## REQUIRED ACTION:
All entries are to be printed again exactly, with their images omitted.

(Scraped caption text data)
___
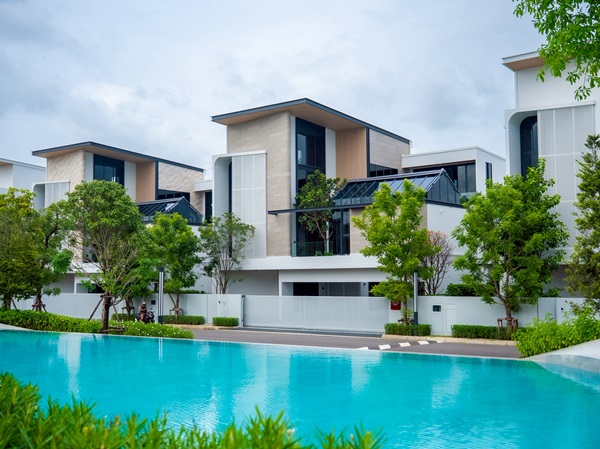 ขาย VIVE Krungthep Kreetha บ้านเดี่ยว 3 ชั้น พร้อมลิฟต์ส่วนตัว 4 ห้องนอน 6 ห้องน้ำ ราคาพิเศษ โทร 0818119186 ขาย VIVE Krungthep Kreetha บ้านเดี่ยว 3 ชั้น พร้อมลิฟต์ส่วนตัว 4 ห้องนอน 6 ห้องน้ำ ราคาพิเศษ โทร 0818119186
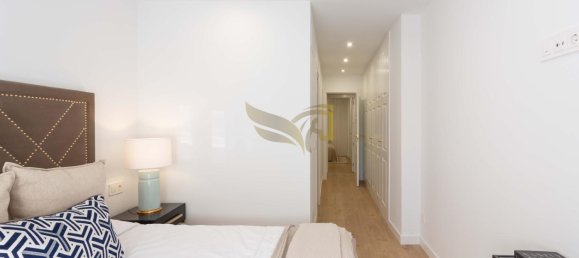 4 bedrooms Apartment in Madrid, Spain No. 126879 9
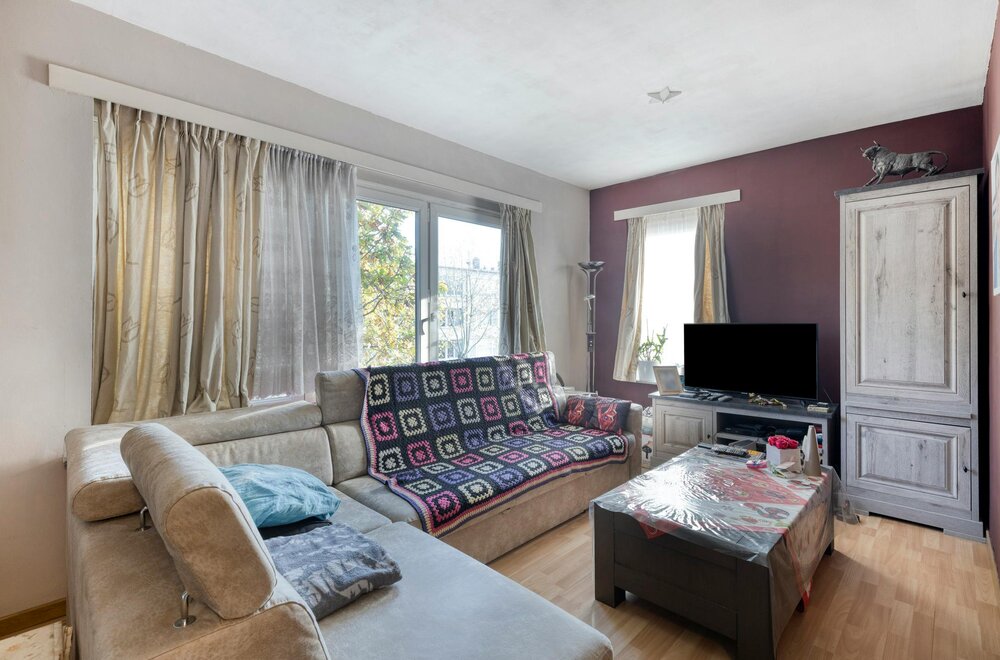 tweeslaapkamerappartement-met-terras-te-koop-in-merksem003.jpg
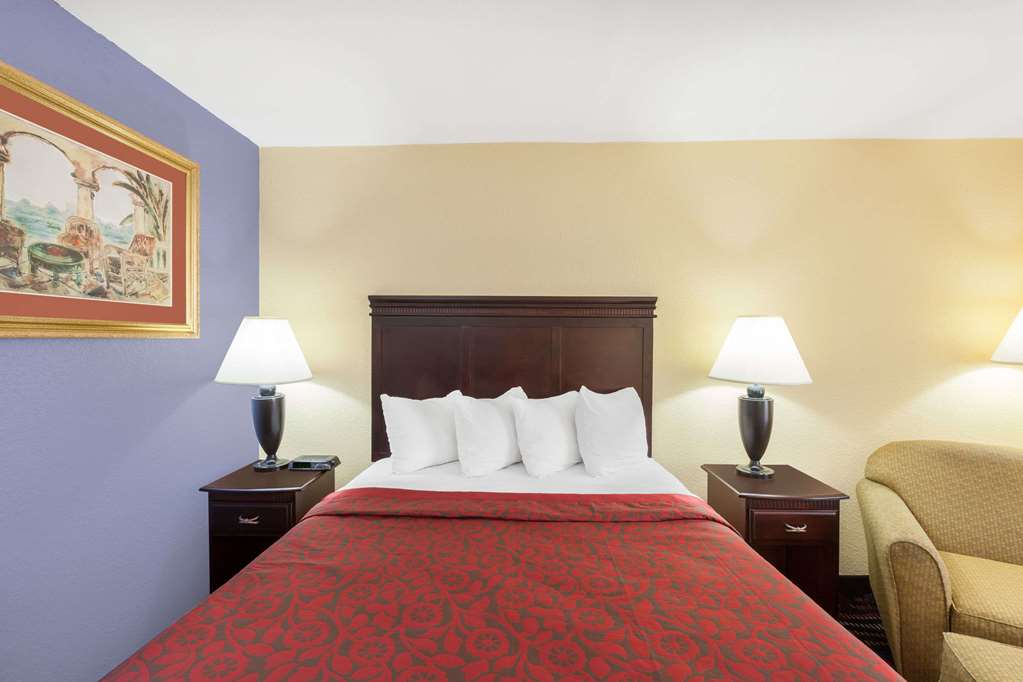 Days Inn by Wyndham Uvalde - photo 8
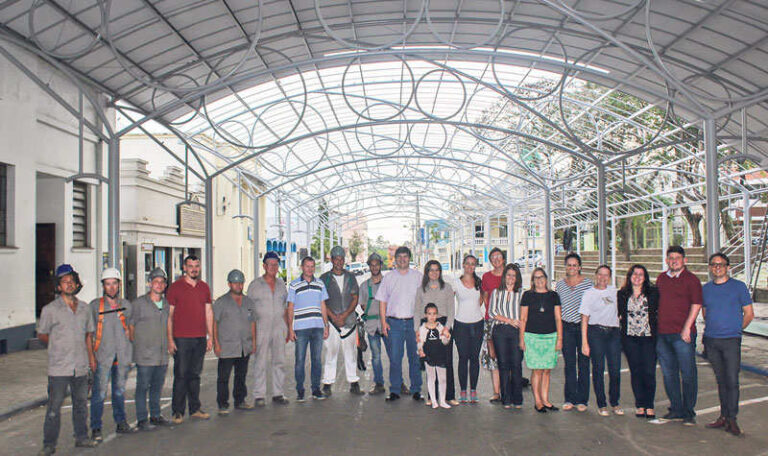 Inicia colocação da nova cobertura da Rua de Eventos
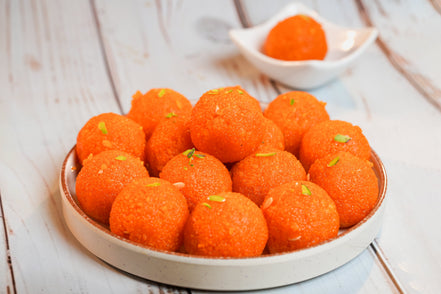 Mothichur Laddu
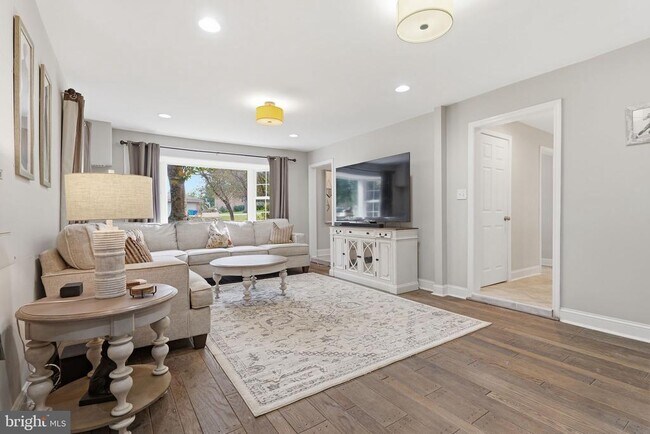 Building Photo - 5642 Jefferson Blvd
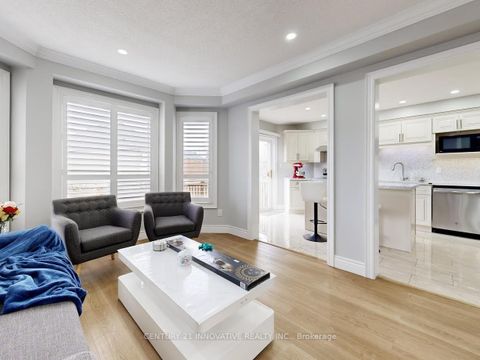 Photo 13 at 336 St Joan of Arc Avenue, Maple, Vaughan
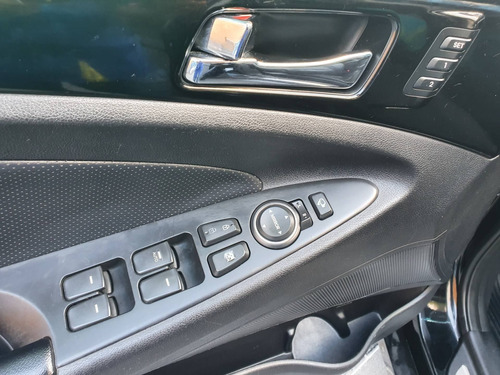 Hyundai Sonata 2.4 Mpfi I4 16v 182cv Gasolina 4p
___
## RESPONSE AREA:
 ขาย VIVE Krungthep Kreetha บ้านเดี่ยว 3 ชั้น พร้อมลิฟต์ส่วนตัว 4 ห้องนอน 6 ห้องน้ำ ราคาพิเศษ โทร 0818119186 ขาย VIVE Krungthep Kreetha บ้านเดี่ยว 3 ชั้น พร้อมลิฟต์ส่วนตัว 4 ห้องนอน 6 ห้องน้ำ ราคาพิเศษ โทร 0818119186
 4 bedrooms Apartment in Madrid, Spain No. 126879 9
 tweeslaapkamerappartement-met-terras-te-koop-in-merksem003.jpg
 Days Inn by Wyndham Uvalde - photo 8
 Inicia colocação da nova cobertura da Rua de Eventos
 Mothichur Laddu
 Building Photo - 5642 Jefferson Blvd
 Photo 13 at 336 St Joan of Arc Avenue, Maple, Vaughan
 Hyundai Sonata 2.4 Mpfi I4 16v 182cv Gasolina 4p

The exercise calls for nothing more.